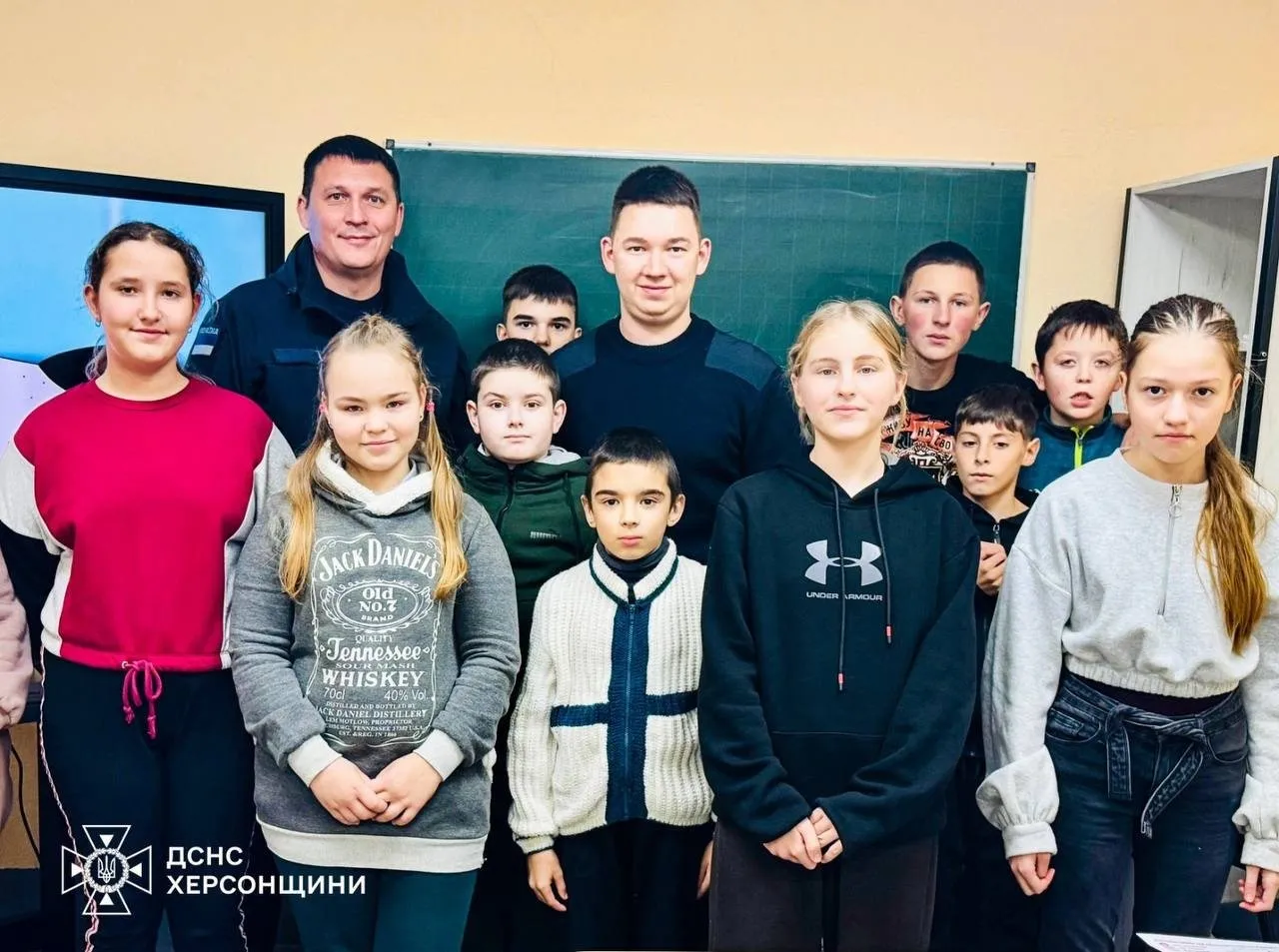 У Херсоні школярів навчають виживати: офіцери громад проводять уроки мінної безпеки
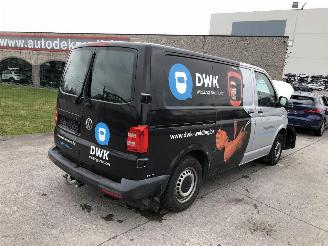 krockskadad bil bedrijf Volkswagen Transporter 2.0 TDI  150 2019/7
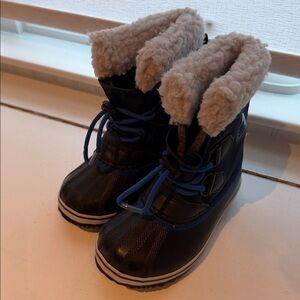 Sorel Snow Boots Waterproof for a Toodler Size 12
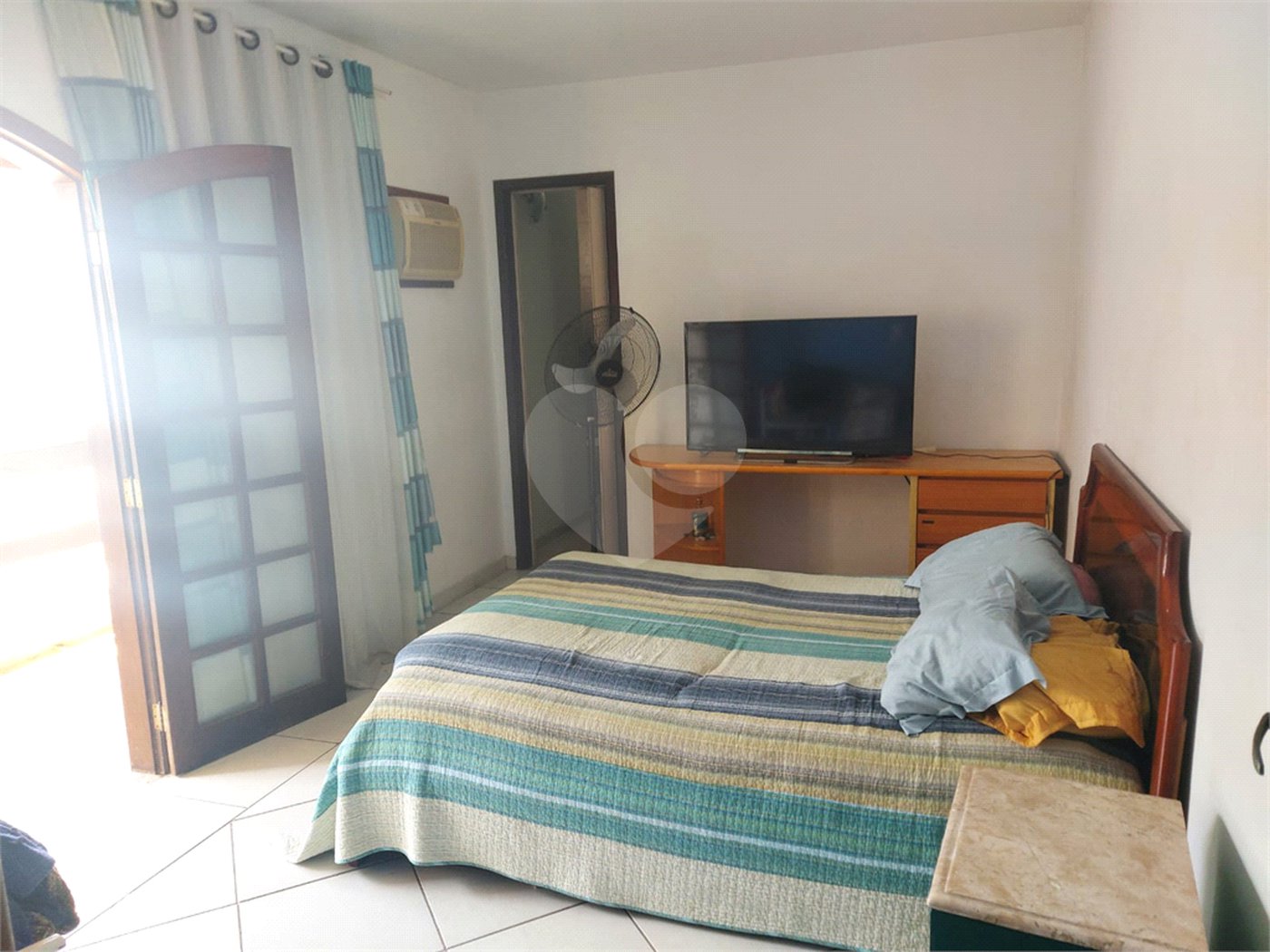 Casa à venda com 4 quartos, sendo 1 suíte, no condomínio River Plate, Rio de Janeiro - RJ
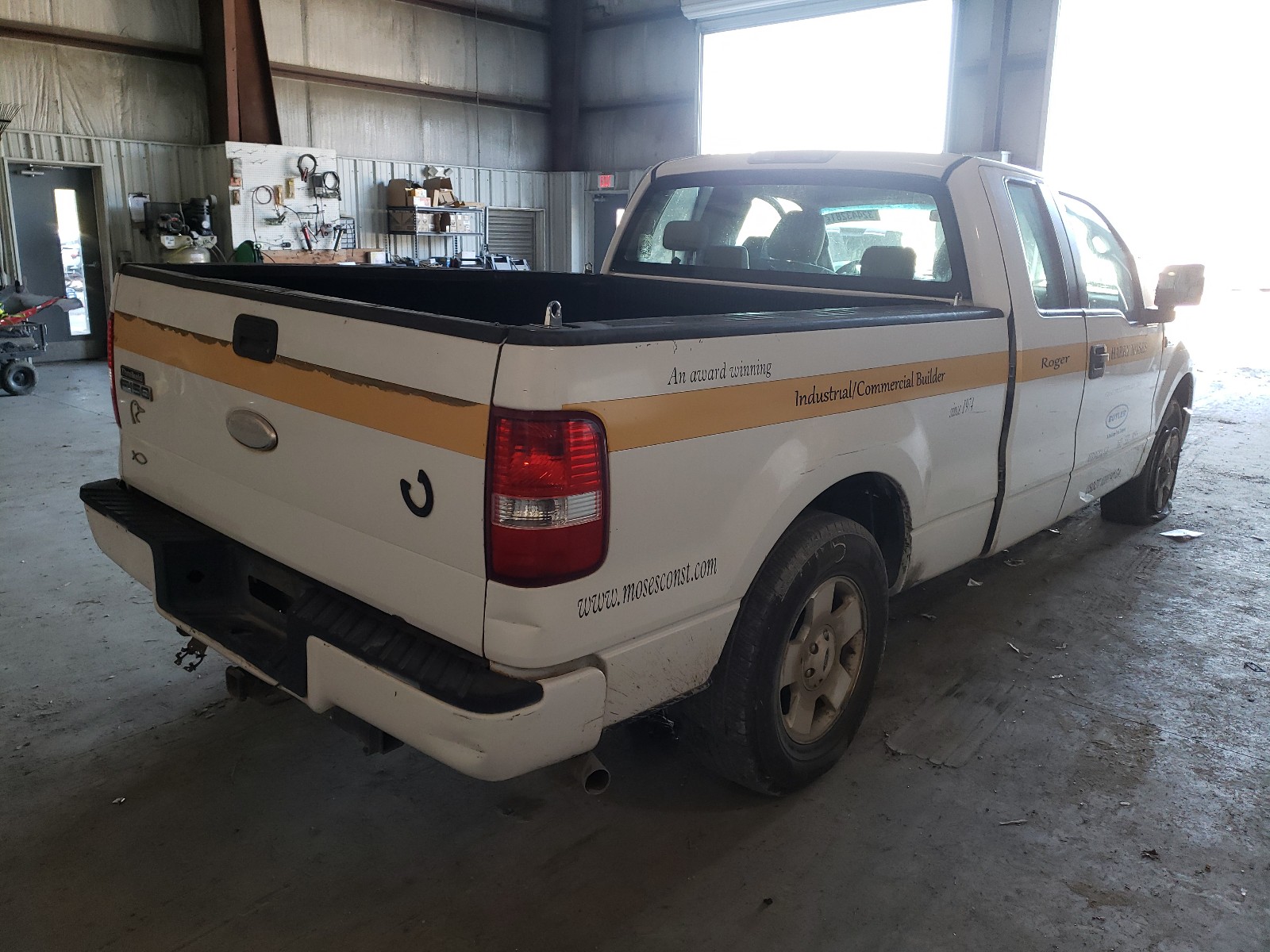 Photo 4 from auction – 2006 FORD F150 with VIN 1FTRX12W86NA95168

· · · · · · ·

What is required
Verbatim transcription needed, from the opening line of the entries above through the line containing "Casa à venda"; pictures do not belong in it.

Written response
 У Херсоні школярів навчають виживати: офіцери громад проводять уроки мінної безпеки
 krockskadad bil bedrijf Volkswagen Transporter 2.0 TDI  150 2019/7
 Sorel Snow Boots Waterproof for a Toodler Size 12
 Casa à venda com 4 quartos, sendo 1 suíte, no condomínio River Plate, Rio de Janeiro - RJ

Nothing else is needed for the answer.